→ **TASK TO COMPLETE**
Work through the material below line by line and say how many lines include the word "vidaXL". Only the number, please.

→ **LISTED ENTRIES**
....
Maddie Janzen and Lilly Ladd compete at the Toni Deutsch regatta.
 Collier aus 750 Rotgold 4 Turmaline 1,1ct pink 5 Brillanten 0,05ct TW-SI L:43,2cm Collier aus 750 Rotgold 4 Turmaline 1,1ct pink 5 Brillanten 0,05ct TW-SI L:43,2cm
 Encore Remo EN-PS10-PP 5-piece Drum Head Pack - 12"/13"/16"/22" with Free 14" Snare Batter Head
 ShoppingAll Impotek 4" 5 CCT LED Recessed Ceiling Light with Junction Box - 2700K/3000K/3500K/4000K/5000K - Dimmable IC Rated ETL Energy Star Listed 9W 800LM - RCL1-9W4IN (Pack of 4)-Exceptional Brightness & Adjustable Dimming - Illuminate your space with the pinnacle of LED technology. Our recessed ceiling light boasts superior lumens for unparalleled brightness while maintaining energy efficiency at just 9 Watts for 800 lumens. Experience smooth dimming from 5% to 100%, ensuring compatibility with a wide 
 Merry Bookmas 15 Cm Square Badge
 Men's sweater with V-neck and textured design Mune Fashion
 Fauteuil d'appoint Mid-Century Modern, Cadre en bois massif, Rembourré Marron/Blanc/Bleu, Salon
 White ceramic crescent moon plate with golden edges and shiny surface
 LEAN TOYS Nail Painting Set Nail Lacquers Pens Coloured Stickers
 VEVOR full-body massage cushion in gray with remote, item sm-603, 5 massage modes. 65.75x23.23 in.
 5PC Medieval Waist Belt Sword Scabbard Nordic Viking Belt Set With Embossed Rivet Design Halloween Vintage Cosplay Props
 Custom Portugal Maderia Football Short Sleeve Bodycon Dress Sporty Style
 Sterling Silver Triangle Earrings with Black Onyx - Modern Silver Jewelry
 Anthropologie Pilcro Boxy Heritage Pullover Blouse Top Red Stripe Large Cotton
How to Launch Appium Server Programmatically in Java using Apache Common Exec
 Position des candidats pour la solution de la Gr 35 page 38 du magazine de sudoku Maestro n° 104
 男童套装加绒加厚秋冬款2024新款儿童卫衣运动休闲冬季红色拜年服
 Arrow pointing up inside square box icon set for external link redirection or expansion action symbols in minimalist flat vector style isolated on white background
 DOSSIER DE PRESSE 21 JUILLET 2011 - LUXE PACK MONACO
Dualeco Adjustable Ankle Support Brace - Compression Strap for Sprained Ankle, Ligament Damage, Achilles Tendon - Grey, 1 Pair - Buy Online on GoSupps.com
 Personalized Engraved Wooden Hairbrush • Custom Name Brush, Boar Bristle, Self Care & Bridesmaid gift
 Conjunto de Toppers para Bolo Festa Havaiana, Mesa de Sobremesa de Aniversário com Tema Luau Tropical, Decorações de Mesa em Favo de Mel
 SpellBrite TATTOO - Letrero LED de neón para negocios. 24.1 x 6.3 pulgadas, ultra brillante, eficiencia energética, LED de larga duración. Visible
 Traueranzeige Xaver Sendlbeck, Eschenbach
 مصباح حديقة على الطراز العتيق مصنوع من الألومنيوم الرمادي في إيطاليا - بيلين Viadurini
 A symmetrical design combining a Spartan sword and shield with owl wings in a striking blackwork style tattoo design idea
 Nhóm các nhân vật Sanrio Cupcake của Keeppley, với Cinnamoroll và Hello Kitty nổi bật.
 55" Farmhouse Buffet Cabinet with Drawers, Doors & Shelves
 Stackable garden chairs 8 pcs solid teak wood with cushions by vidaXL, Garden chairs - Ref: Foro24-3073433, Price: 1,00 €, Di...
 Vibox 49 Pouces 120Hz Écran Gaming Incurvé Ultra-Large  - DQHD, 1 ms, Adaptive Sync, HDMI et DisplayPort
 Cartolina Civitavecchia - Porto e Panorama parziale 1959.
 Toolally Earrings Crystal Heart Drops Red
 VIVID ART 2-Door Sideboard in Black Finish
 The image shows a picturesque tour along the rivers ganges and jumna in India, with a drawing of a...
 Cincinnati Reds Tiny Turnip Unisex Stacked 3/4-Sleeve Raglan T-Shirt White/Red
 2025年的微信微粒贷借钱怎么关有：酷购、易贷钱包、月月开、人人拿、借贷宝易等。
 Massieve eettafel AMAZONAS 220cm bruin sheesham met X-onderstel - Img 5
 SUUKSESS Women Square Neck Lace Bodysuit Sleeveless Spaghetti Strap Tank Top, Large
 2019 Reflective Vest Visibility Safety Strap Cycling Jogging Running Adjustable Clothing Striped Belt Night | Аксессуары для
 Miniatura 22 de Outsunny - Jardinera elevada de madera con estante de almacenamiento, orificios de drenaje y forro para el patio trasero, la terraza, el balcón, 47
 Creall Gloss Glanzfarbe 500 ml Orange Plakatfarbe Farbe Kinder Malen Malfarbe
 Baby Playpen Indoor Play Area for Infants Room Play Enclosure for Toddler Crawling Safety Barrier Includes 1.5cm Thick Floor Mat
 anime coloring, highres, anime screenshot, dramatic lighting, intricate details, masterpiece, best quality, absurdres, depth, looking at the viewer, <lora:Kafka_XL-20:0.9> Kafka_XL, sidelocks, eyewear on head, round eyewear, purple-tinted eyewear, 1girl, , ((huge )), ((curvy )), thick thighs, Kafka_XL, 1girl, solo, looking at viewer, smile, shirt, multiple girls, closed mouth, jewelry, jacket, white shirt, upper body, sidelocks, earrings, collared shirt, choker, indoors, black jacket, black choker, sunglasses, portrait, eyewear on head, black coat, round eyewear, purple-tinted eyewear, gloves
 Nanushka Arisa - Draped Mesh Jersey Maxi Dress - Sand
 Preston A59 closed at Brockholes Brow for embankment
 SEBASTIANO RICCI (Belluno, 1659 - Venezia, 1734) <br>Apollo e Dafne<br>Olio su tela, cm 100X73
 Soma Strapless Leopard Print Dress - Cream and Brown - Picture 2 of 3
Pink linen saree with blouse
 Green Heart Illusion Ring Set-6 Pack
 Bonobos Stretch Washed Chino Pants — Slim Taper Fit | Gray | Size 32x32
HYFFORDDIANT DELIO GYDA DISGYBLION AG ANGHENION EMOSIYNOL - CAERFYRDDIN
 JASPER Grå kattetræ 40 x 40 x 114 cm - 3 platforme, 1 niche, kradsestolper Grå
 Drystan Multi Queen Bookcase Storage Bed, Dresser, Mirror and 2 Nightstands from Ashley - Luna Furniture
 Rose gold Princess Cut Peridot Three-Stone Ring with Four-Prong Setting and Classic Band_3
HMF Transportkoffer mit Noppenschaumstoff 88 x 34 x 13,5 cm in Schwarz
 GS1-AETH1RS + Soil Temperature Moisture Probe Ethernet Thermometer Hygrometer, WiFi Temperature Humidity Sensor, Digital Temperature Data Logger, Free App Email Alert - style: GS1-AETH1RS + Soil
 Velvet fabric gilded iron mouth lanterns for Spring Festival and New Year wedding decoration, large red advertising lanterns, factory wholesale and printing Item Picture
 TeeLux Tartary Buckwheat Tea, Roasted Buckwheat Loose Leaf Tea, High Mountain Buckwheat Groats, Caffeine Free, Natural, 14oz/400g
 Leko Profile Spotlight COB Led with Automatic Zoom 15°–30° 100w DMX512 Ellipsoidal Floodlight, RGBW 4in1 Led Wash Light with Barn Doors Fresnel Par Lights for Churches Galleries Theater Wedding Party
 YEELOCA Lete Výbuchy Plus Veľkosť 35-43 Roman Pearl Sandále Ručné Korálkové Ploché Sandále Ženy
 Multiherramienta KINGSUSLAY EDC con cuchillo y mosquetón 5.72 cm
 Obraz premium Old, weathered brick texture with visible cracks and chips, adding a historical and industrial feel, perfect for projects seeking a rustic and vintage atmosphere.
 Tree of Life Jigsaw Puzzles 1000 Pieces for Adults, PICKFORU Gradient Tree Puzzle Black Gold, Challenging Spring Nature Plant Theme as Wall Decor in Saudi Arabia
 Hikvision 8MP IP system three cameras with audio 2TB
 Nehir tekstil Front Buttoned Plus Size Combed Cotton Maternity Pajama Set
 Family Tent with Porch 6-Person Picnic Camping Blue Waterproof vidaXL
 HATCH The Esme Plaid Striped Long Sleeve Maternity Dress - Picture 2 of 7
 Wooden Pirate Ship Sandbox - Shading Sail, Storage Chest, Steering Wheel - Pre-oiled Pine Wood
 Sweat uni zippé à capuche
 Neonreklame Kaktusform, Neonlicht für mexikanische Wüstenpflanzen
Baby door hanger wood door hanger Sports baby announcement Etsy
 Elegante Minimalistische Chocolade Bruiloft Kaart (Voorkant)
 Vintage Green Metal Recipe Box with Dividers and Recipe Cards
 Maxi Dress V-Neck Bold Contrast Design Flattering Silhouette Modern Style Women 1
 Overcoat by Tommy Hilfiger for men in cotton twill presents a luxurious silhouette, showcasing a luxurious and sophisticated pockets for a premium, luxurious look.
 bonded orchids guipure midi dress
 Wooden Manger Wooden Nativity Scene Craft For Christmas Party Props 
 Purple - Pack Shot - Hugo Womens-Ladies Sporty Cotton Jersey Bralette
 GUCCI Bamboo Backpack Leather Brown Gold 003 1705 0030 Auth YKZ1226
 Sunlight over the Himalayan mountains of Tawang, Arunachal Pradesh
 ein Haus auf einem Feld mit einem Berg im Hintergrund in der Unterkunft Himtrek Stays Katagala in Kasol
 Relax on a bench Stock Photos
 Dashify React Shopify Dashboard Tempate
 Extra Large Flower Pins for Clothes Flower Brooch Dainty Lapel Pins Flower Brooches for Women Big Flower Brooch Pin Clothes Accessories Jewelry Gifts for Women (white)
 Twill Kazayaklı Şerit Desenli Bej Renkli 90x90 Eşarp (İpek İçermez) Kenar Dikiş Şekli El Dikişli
....
→ **EXERCISE RESULT**
2